If we are seeking sparse models in each of these clusters, we might choose to fit the models with Optimal Feature Selection to restrict their sparsity. However, this may not necessarily result in a sparse selection of features from the overall dataset, because even though each model is restricted in the number of features it can choose, each of the models can choose an entirely different set of features. As a concrete example, if we have 10 clusters and restrict the sparsity to 5, we might still end up with as many as 50 features selected.

Bertsimas et al. (2021) address this problem by introducing a method for fitting multiple regression models with a coordinated sparsity restriction. This approach constrains the models in each cluster to use the same set of features, and optimizes this set of features to find the best overall fit for the data. In the example from above, it will find the set of 5 features to use across all of the 10 clusters that results in the best overall fit.

On this page, we demonstrate how to apply this coordinated-sparsity algorithm on a synthetic regression problem, but the same approach also applies to classification problems.

Manual Clustering

First, we will demonstrate how to use the coordinated-sparsity approach on data with pre-defined clusters. We will generate random features:

using StableRNGs, DataFrames
rng = StableRNG(1) # for consistent output across Julia versions
n = 500
p = 10
X = DataFrame(rand(rng, n, p), :auto)

Our target will be the following simple piecewise-linear function:

\[y = \begin{cases} x_2 + 3 x_3, & \text{if } x_1 < 0.5\\ 0.5x_2 + x_4, & \text{otherwise} \end{cases}\]

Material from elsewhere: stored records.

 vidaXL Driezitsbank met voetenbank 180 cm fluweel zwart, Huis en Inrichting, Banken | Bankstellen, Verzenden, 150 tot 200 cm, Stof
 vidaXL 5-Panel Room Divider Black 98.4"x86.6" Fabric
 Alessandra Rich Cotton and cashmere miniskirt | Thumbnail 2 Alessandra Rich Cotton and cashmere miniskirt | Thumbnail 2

We will generate our target data according to this function with the addition of a small amount of noise:

y = ((X.x1 .< 0.5) .* (X.x2 .+ 3 .* X.x3)) .+
    ((X.x1 .> 0.5) .* (0.5 .* X.x2 .- X.x4)) .+
    0.1 .* randn(rng, n)

We know from the data generation process that there are two clusters in the data, but we can also attempt to identify this ourselves from the data. To do this, we try fitting a simple linear model to the entire dataset:

lnr = IAI.OptimalFeatureSelectionRegressor(random_seed=1, sparsity=3)!(lnr, X, y)
Fitted OptimalFeatureSelectionRegressor:
  Constant: 2.07097
    x1: -3.17664
    x3:  1.51278
    x4: -0.64826

We see that $x_1$ seems important, and so we can plot the relationship between this feature and the target to investigate further:

using Plots
scatter(X.x1, y)

We can indeed clearly see the two clusters in the data, separated by the line $x_1 = 0.5$. Using this, we can extract the set of indices in our dataset that fall into each cluster:

cluster_inds = [findall(X.x1 .< 0.5), findall(X.x1 .> 0.5)]
2-element Vector{Vector{Int64}}:
 [2, 4, 6, 9, 10, 12, 14, 15, 16, 18  …  481, 484, 485, 487, 488, 489, 490, 492, 493, 500]
 [1, 3, 5, 7, 8, 11, 13, 17, 19, 21  …  482, 483, 486, 491, 494, 495, 496, 497, 498, 499]

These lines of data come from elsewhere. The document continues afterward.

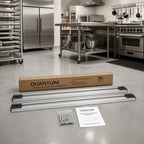 Thumbnail image #2 for Quantum QVTRK-3-192EST Double Unit Floor Track Assembly Kit with 3 16-Foot V-Groove Aluminum Tracks and End Stop Hardware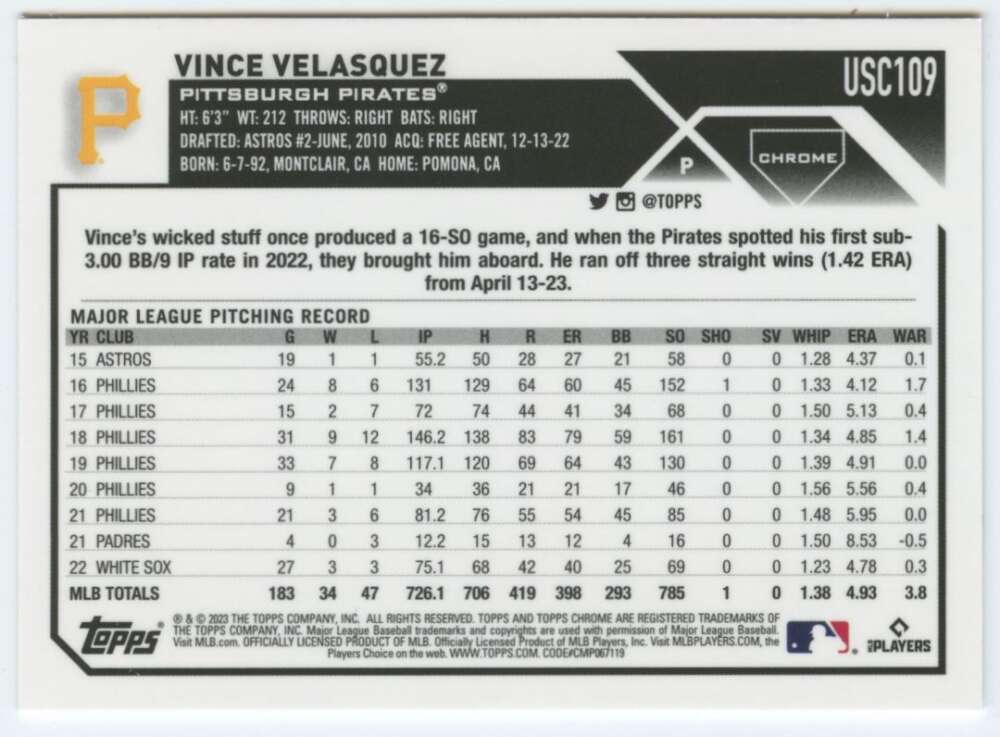 Baseball card of Vince Velasquez showcasing statistics for Pittsburgh Pirates Topps Chrome Update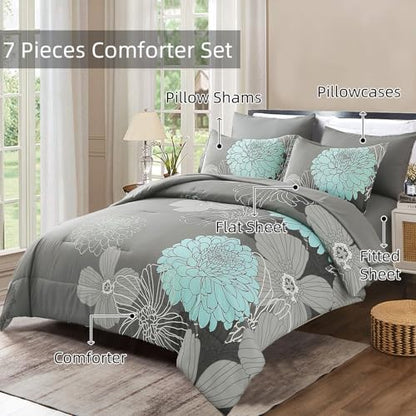 Yiran 7 Pieces Bed in a Bag Floral Comforter Set Green Flowers Bedding Set Soft Microfiber King Boho Comforter Sets with 1 Comforter 1 Flat Sheet 1 Fitted Sheet 2 Pillowshams and 2 Pillowcases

We can now conduct the coordinated-sparsity fitting. To do this, we use a normal OptimalFeatureSelectionRegressor and set coordinated_sparsity=true in addition to any other parameters. Then, when fitting the model, we pass the indices of points that fall into each of the clusters, and the algorithm will fit models in each of these clusters with the constraint that the features used across all clusters are the same:

lnr = IAI.OptimalFeatureSelectionRegressor(random_seed=1, sparsity=3,
                                           coordinated_sparsity=true)!(lnr, X, y, cluster_inds=cluster_inds)
Fitted OptimalFeatureSelectionRegressor:
  Model for cluster 1:
    Constant: 0.120663
      x2:  0.954967
      x3:  2.79626
      x4:  0.0158888

  Model for cluster 2:
    Constant: -0.0175999
      x2:  0.471342
      x3: -0.0199532
      x4: -0.93334

We see that indeed the models in each cluster use the same set of features.

We can access the model coefficients using the get_prediction_weights and get_prediction_constant functions as normal, with the addition of the fit_index keyword argument to specify which cluster we are querying:

IAI.get_prediction_constant(lnr, fit_index=1)
IAI.get_prediction_constant(lnr, fit_index=2)

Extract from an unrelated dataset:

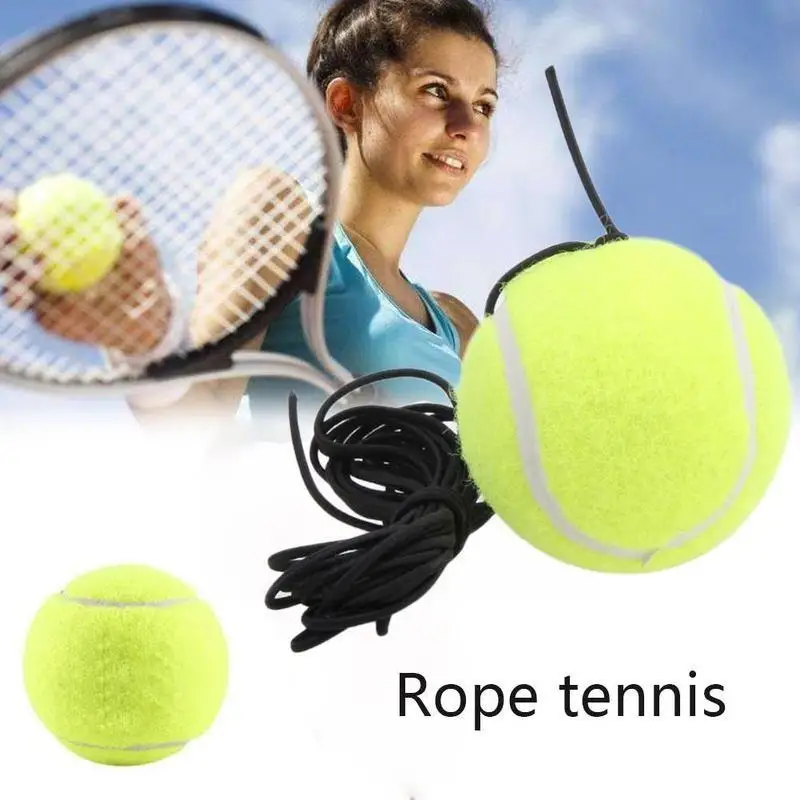 

1 Pcs Tennis Ball With String Professional Rubber Tennis Club Competition High Ball School Ball Durable Resilience Practice Y0f9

Similarly, we can use the score and predict functions with fit_index as a keyword argument to evaluate performance or make predictions for the model in a given cluster:

IAI.predict(lnr, X, fit_index=1)
500-element Vector{Float64}:

Integration with Optimal Trees

Another use-case for coordinated-sparsity fitting is in conjunction with trained tree models. We often want to fit linear models in the leaves of the tree, and further it can be desirable for these models to be sparse. The coordinated-sparsity approach can help with controlling the total number of features used across all of the leaves in the tree.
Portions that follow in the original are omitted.